Check Point said it first noticed reports of stolen crypto wallets triggered by airdropped NFTs, prompting the firm to investigate OpenSea. That revealed critical security discoveries “that, if exploited, could have led hackers to hijack user accounts and steal entire crypto wallets of users, by sending malicious NFTs,” the company said.
It seemed that a lot of things needed to go wrong for the attack to work, and it’s not clear if it was actively exploited. Check Point said it disclosed the vulnerability as soon as it found it, and OpenSea said it implemented a fix “within an hour of it being brought to our attention.” The company said it’s “doubling down on community education around security,” by adding a blog series and taking other measures.

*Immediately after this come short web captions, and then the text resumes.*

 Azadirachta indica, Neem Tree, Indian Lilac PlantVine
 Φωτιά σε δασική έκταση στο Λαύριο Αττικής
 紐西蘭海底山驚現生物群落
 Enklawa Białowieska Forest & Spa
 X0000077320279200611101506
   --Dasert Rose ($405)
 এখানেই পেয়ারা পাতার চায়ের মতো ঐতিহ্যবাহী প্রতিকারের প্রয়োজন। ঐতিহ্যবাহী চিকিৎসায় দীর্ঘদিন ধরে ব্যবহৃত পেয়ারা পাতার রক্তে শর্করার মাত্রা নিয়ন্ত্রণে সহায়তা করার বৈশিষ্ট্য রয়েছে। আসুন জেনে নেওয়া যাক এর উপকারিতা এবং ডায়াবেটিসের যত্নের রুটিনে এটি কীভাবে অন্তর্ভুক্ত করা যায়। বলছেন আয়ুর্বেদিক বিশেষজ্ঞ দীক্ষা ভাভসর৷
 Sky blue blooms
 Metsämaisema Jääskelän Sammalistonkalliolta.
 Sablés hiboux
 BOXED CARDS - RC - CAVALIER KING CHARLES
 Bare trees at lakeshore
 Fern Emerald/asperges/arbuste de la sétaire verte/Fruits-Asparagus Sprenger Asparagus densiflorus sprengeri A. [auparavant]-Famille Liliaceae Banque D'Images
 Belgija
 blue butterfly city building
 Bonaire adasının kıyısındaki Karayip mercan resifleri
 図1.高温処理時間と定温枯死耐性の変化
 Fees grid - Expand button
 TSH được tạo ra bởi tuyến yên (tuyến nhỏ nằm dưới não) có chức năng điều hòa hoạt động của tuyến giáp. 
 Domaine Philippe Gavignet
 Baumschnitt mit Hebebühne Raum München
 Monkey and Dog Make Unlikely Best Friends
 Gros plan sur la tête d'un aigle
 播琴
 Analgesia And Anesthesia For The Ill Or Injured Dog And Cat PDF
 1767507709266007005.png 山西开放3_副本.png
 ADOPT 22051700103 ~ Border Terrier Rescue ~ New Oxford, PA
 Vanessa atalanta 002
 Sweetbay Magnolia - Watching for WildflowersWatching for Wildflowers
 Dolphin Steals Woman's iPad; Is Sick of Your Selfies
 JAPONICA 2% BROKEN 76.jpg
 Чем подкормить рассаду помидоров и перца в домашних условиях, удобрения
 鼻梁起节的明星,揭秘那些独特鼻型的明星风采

The security research firm said that given the rapid pace of innovation, “there is an inherent challenge in securely integrating software applications and crypto markets.” Bad actors are also drawn to crypto like wasps to pain au chocolat, so it’s likely we’ll hear about similar attacks in the near future.
3. Anonymity and Lack of regulation make them extremely vulnerable
NFTs can remain anonymous for the time being, and you may not know who is behind the artist’s username or avatar. NFTs are likewise not subject to any laws or regulations. Because of these characteristics, NFTs are perfect for concealing unlawfully obtained funds.
The general process that is involved for any financial transactions isn’t applicable to NFTs Marketplace. Anti-Money Laundering (AML) and Counter-Terrorist and Proliferation Financing (CTF/PF) standards are not needed, even the larger ones, and users are not obliged to go through Know Your Customer (KYC) processes. However, there is growing speculation that NFT platforms will soon be required to implement KYC, AML, and CTF/PF solutions.